** Provided data follows **

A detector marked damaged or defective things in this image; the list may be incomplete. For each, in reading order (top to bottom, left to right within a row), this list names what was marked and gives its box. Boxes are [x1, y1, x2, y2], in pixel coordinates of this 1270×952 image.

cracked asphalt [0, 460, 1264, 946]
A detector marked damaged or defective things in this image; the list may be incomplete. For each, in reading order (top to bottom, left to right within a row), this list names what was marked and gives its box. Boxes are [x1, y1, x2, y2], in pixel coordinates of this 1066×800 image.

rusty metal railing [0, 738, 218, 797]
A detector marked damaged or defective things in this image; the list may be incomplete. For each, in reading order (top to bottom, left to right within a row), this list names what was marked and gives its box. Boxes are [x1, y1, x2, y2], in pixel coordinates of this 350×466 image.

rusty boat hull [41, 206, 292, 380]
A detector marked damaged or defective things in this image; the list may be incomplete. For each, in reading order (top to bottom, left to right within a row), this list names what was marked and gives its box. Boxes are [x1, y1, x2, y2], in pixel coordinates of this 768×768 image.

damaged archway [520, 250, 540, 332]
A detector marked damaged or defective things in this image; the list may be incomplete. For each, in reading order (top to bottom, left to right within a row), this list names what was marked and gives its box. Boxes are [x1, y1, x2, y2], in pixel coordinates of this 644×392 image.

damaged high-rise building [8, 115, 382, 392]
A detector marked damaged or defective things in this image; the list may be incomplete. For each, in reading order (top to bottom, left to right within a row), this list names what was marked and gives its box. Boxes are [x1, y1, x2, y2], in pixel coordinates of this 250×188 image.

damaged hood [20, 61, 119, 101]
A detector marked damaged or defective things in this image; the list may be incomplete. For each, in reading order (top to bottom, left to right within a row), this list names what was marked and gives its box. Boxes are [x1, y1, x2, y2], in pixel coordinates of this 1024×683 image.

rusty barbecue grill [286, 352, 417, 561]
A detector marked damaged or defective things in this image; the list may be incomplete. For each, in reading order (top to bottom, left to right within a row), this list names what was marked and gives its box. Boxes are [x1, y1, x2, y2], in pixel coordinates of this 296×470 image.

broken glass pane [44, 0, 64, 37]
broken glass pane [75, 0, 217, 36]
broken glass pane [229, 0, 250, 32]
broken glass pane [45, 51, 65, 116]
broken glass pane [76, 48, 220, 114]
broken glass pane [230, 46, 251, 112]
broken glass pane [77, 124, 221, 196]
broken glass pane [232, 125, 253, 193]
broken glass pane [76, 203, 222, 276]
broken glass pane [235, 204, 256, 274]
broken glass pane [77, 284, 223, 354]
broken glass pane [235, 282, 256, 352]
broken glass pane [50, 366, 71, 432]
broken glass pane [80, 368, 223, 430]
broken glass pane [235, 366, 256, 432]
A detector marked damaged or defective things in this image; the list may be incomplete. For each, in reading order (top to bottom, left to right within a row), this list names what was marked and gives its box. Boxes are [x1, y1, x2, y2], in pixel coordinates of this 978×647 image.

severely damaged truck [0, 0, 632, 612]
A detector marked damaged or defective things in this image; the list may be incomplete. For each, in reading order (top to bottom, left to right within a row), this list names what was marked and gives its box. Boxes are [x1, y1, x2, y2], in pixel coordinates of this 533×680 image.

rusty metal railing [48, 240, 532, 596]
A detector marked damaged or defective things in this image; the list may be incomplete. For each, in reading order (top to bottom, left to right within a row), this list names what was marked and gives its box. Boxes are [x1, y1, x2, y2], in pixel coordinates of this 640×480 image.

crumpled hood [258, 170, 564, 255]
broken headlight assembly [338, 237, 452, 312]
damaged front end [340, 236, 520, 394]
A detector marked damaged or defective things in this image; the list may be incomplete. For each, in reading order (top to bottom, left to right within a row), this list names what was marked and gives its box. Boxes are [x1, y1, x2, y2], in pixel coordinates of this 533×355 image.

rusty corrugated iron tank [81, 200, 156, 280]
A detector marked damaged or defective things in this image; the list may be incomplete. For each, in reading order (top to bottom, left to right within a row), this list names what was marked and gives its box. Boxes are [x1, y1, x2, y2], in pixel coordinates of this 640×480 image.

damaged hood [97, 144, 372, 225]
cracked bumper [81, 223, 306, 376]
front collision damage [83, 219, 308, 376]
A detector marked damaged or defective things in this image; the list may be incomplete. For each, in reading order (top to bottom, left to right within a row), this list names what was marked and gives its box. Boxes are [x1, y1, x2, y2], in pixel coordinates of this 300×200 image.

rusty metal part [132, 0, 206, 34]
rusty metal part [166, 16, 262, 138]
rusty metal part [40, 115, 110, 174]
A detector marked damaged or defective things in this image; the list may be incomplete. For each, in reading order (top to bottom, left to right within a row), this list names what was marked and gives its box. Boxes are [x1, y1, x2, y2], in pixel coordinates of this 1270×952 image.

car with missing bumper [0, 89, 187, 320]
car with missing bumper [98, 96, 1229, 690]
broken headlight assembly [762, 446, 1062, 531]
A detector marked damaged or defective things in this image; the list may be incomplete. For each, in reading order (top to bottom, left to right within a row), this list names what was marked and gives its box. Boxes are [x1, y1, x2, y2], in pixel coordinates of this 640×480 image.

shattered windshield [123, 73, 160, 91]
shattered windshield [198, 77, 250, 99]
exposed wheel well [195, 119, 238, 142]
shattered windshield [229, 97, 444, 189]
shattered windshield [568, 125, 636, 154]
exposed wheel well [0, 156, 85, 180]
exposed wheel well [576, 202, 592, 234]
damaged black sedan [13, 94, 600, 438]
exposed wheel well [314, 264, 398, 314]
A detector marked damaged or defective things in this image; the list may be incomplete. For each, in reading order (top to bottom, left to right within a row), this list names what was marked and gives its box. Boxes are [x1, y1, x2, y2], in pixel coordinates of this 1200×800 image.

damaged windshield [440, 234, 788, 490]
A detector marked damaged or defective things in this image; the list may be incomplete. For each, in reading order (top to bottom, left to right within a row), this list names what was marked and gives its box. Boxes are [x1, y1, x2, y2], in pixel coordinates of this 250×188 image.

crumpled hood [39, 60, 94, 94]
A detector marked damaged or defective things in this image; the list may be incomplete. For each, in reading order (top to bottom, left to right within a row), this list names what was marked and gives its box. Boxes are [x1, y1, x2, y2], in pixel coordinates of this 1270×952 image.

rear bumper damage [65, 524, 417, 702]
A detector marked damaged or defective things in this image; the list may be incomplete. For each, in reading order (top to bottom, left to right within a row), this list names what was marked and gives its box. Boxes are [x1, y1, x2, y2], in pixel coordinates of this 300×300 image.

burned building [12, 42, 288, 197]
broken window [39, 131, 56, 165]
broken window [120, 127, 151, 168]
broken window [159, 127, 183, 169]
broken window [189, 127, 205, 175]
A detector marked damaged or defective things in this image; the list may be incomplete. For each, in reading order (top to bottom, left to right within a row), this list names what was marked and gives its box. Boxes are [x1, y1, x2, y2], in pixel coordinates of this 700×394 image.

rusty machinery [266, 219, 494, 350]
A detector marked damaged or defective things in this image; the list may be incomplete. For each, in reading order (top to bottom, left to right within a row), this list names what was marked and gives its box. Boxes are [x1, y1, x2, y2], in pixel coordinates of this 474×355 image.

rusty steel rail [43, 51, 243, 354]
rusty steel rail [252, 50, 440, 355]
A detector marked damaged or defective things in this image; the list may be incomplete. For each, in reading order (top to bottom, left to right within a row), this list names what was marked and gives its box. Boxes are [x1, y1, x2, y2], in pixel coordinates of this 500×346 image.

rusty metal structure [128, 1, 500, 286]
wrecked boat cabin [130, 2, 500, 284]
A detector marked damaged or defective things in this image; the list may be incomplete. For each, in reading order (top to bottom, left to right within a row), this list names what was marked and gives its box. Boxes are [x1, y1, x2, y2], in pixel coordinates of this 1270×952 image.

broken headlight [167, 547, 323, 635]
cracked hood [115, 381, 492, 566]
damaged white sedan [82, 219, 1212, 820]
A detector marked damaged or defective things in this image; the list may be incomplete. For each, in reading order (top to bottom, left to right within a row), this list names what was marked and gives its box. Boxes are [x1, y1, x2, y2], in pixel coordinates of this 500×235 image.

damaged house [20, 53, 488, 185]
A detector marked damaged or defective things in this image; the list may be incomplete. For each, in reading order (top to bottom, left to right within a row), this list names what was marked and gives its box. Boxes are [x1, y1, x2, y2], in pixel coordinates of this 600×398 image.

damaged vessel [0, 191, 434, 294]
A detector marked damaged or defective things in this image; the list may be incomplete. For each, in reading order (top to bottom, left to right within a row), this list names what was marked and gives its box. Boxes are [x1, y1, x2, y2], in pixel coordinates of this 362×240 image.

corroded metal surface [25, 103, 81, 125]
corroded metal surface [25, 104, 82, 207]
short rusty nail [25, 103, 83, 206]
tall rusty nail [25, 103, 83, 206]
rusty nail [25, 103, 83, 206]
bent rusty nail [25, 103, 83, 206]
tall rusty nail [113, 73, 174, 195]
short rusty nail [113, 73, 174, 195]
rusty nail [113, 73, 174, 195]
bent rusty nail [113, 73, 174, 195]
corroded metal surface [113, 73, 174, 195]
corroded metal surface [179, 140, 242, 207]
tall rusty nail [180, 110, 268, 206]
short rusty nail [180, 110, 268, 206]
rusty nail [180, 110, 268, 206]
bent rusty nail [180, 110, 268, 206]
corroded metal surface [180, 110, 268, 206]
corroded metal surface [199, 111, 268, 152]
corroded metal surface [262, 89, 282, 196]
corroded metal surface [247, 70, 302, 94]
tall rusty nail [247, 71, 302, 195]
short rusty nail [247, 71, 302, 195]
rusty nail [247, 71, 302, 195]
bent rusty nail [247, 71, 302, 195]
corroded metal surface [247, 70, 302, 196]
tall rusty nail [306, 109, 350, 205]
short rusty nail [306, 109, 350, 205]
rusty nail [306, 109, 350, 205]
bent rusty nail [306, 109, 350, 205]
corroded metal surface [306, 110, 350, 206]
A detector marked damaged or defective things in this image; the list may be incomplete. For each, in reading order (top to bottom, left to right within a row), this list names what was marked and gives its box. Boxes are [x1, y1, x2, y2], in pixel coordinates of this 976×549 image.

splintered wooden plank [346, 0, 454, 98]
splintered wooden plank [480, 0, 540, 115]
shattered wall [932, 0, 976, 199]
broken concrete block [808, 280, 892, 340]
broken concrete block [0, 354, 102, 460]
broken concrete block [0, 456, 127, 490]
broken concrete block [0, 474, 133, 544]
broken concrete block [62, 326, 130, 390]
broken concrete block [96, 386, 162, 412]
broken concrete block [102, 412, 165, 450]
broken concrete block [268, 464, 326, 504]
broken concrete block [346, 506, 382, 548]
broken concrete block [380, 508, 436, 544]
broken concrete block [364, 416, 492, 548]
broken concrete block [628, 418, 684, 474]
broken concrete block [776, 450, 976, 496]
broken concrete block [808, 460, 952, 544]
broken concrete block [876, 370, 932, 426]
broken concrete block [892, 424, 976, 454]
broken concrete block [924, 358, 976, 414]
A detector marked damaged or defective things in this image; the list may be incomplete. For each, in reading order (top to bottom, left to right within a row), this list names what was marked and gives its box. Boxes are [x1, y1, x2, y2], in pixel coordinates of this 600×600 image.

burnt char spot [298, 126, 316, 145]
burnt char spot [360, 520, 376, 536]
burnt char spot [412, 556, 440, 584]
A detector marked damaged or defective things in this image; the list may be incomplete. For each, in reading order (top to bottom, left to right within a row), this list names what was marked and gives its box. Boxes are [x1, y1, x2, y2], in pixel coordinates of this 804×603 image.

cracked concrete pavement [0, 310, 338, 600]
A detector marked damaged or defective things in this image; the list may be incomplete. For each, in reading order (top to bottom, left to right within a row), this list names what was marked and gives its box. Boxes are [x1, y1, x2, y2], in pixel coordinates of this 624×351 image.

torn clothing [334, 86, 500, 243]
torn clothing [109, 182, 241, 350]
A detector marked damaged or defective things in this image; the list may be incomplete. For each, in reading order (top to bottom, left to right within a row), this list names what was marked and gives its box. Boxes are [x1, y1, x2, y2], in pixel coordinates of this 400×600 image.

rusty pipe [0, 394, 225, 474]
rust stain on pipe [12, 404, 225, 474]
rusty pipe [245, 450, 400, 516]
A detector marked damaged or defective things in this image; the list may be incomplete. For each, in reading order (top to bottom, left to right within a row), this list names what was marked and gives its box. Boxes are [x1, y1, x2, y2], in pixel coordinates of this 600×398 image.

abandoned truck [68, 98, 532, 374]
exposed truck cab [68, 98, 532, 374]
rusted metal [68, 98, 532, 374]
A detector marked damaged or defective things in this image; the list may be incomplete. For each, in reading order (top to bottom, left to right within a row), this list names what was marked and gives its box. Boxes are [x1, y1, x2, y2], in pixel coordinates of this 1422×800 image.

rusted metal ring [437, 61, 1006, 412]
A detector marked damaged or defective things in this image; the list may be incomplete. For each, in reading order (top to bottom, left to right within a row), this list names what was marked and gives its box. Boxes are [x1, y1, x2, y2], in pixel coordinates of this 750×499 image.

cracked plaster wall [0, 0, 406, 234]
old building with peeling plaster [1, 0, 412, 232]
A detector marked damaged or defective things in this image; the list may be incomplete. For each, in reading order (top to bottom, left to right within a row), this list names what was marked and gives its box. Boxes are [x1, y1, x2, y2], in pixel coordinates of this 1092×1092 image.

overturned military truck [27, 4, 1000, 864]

** End of Provided data **

Task requirements: Quote only the lines from the one containing "this 750×499 image." through the final line of the records, with both ends included.

Task solution:
A detector marked damaged or defective things in this image; the list may be incomplete. For each, in reading order (top to bottom, left to right within a row), this list names what was marked and gives its box. Boxes are [x1, y1, x2, y2], in pixel coordinates of this 750×499 image.

cracked plaster wall [0, 0, 406, 234]
old building with peeling plaster [1, 0, 412, 232]
A detector marked damaged or defective things in this image; the list may be incomplete. For each, in reading order (top to bottom, left to right within a row), this list names what was marked and gives its box. Boxes are [x1, y1, x2, y2], in pixel coordinates of this 1092×1092 image.

overturned military truck [27, 4, 1000, 864]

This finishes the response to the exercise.